▶ **The problem**: The line with "Lexus UX 250h Elegance 2WD - 22", the line with "Mercedes-Benz CLA 180", and all lines between them in the material below: return these exactly, and no others.

▶ **Provided data**:
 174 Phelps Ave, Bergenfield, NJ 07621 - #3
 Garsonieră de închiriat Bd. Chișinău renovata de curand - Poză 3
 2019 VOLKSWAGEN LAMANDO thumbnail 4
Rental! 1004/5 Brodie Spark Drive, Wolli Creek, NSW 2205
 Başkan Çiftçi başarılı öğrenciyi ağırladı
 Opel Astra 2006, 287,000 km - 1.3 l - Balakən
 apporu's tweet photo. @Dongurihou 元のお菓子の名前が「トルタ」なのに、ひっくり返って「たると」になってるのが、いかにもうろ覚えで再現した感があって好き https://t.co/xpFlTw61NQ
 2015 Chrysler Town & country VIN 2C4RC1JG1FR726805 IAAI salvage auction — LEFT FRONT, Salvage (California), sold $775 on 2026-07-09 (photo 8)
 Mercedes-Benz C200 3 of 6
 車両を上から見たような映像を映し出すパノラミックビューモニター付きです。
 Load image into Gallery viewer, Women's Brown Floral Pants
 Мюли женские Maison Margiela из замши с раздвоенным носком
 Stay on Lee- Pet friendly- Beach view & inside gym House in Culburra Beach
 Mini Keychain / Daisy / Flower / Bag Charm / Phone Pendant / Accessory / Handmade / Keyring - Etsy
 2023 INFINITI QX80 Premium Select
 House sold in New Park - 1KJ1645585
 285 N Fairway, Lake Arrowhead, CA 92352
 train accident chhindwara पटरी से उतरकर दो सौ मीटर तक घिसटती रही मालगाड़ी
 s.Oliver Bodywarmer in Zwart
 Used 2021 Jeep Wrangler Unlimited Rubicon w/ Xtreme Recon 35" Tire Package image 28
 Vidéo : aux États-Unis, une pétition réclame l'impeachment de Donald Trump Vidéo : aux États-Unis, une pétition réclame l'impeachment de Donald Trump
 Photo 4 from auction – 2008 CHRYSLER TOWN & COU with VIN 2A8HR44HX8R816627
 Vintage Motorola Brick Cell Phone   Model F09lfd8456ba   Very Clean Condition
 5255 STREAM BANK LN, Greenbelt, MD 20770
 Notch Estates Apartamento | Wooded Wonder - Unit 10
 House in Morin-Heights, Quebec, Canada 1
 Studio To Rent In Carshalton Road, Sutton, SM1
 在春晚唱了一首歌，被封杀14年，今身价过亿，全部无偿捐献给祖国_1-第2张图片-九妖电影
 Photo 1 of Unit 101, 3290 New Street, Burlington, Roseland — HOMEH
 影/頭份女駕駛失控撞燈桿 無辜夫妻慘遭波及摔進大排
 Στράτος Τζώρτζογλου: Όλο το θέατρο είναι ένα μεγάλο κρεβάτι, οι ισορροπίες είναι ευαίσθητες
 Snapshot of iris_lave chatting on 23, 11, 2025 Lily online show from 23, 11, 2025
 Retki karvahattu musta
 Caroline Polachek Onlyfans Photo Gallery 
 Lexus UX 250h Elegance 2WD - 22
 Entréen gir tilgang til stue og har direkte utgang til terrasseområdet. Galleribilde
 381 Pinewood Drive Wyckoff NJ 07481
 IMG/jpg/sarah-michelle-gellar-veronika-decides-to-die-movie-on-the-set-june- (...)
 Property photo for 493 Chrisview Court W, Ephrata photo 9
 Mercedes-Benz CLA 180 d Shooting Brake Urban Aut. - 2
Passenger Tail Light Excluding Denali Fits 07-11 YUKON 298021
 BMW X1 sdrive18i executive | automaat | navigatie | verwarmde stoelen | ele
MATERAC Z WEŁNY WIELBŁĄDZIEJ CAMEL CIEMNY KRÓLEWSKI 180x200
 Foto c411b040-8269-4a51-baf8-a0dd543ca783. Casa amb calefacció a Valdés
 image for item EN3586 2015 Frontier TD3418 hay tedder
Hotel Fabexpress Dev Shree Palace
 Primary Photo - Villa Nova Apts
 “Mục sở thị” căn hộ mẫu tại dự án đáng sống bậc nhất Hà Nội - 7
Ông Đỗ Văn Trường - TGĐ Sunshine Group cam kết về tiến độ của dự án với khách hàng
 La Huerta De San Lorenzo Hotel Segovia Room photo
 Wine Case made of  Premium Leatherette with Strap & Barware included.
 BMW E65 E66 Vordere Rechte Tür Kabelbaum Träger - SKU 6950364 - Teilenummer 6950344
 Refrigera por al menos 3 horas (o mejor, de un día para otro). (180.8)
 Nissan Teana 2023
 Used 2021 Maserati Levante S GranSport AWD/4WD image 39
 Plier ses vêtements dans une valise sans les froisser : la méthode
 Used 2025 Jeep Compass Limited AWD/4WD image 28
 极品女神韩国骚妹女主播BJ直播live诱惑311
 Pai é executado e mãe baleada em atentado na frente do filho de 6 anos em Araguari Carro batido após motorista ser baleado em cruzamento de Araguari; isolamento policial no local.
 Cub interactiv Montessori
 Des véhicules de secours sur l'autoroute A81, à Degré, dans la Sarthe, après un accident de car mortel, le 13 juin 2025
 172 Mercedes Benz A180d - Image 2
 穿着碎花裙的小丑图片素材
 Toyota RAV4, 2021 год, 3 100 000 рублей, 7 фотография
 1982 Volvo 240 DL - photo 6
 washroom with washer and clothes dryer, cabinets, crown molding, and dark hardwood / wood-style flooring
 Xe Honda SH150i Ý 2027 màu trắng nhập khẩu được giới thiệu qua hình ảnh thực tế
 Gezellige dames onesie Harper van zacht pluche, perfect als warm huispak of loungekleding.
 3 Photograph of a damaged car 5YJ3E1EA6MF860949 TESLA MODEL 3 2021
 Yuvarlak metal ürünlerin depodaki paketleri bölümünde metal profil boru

▶ **Output for this task**:
 Lexus UX 250h Elegance 2WD - 22
 Entréen gir tilgang til stue og har direkte utgang til terrasseområdet. Galleribilde
 381 Pinewood Drive Wyckoff NJ 07481
 IMG/jpg/sarah-michelle-gellar-veronika-decides-to-die-movie-on-the-set-june- (...)
 Property photo for 493 Chrisview Court W, Ephrata photo 9
 Mercedes-Benz CLA 180 d Shooting Brake Urban Aut. - 2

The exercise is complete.